Could you give back the records exactly, taking out the pictures?

(Collected data entries)
Content starts

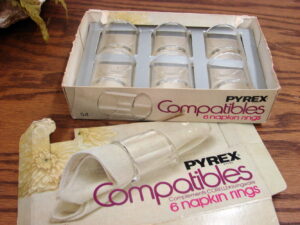 Vintage PYREX Compatibles Clear Glass Correll Livingware Napkin Rings Set/6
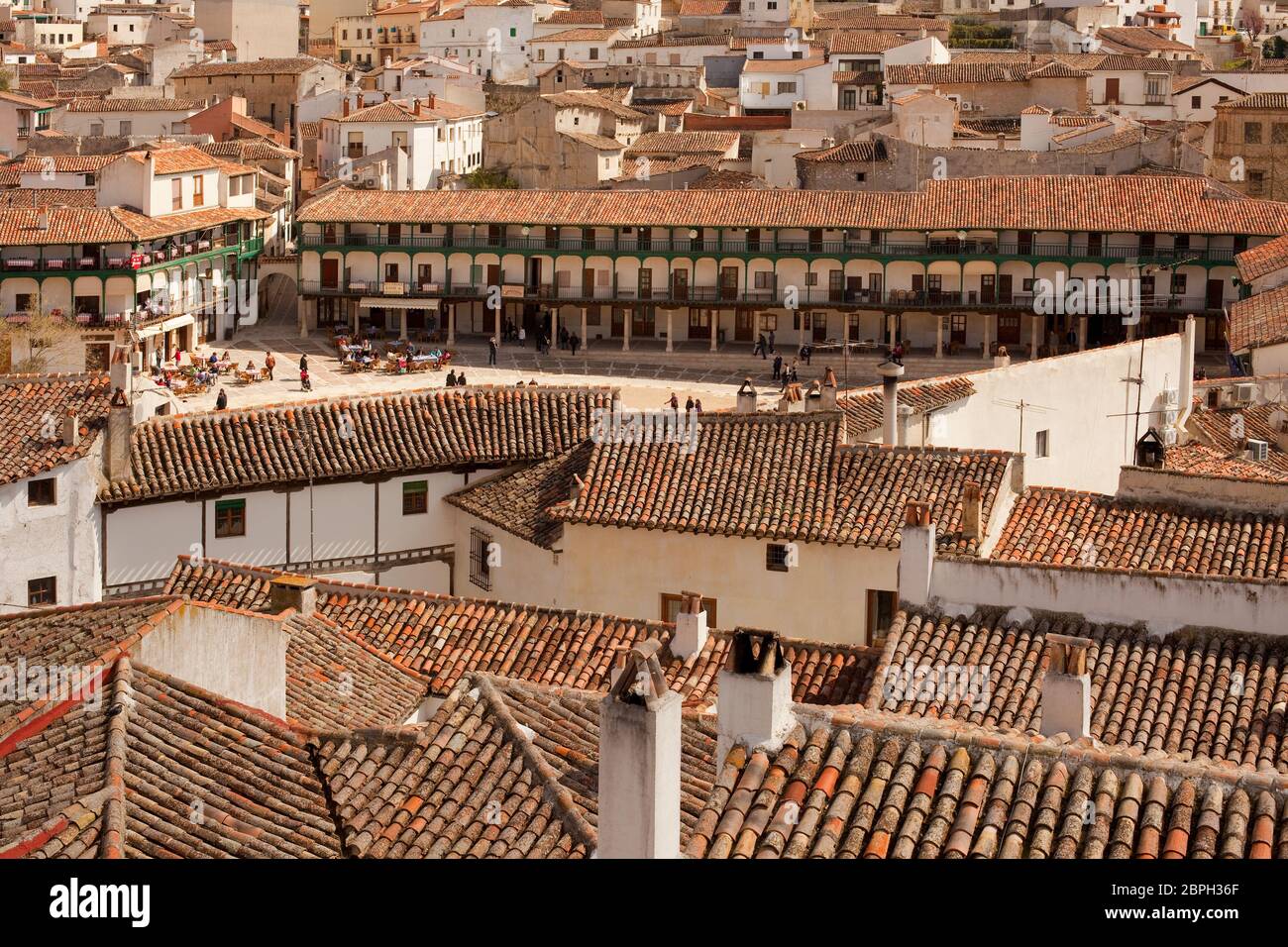 Chinchon, comarca de Las Vegas, Spain - An elevated view of the main square  or Plaza Mayor at the small village of Chinchon Stock Photo - Alamy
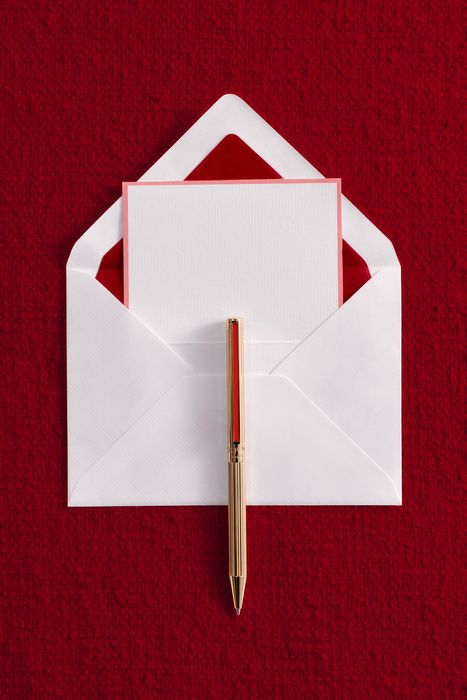 뉴 클래식 볼펜 라인 옐로골드 CB045078N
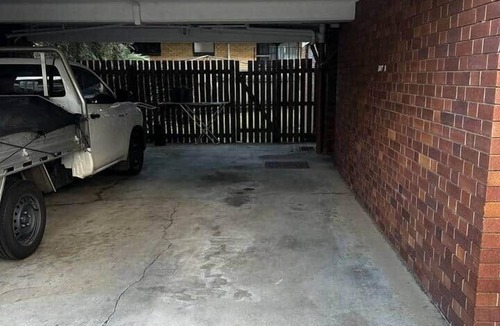 Kangaroo Point Apartment | Mid-Century Pad - 1 bed/1 bath/1 car 10 min CBD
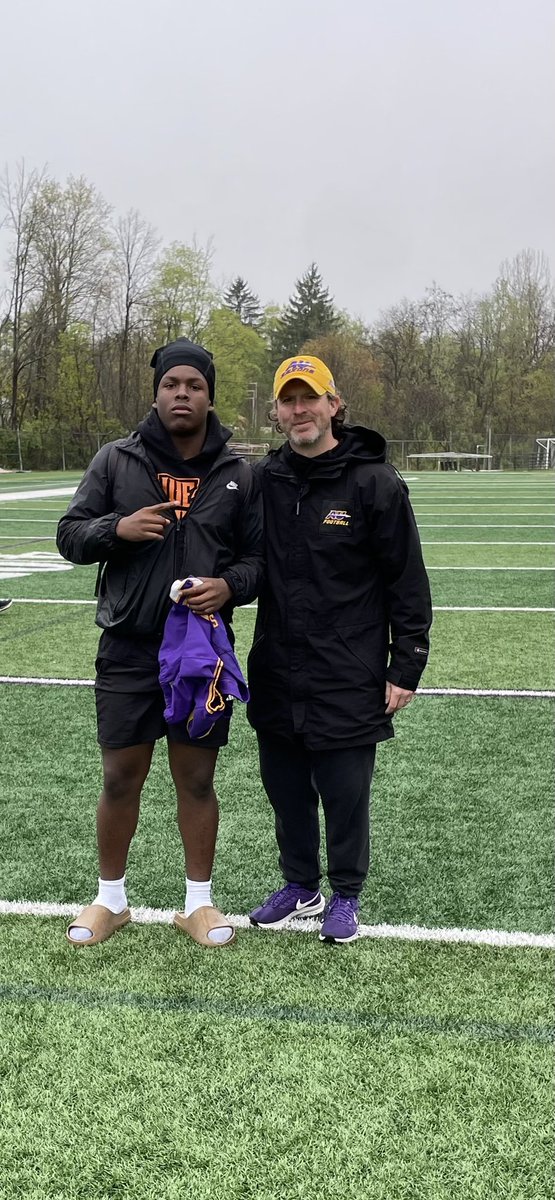 Thank you <a href="/Coach_Rankl/">Bob Rankl</a> &amp; <a href="/Coach_Donlon/">Steve Donlon</a>  For Having Me Out today <a href="/AUSaxons/">Alfred University Saxons</a> Camp Looking Forward to working with you guys in the Future 📶🏈
<a href="/CoachL369/">Coach Larry</a> <a href="/BILDTECHCOACH/">Harris Micah</a> <a href="/HTfootball2023/">B.I.L.D. T.E.C.H Football</a> <a href="/CoachHefNCSA/">CoachHefNCSA</a> <a href="/ncsa/">NCSA College Recruiting</a> <a href="/PrepRedzoneNY/">Prep Redzone New York</a>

Content ends

Your solution
 Vintage PYREX Compatibles Clear Glass Correll Livingware Napkin Rings Set/6
 Chinchon, comarca de Las Vegas, Spain - An elevated view of the main square  or Plaza Mayor at the small village of Chinchon Stock Photo - Alamy
 뉴 클래식 볼펜 라인 옐로골드 CB045078N
 Kangaroo Point Apartment | Mid-Century Pad - 1 bed/1 bath/1 car 10 min CBD
 Thank you <a href="/Coach_Rankl/">Bob Rankl</a> &amp; <a href="/Coach_Donlon/">Steve Donlon</a>  For Having Me Out today <a href="/AUSaxons/">Alfred University Saxons</a> Camp Looking Forward to working with you guys in the Future 📶🏈
<a href="/CoachL369/">Coach Larry</a> <a href="/BILDTECHCOACH/">Harris Micah</a> <a href="/HTfootball2023/">B.I.L.D. T.E.C.H Football</a> <a href="/CoachHefNCSA/">CoachHefNCSA</a> <a href="/ncsa/">NCSA College Recruiting</a> <a href="/PrepRedzoneNY/">Prep Redzone New York</a>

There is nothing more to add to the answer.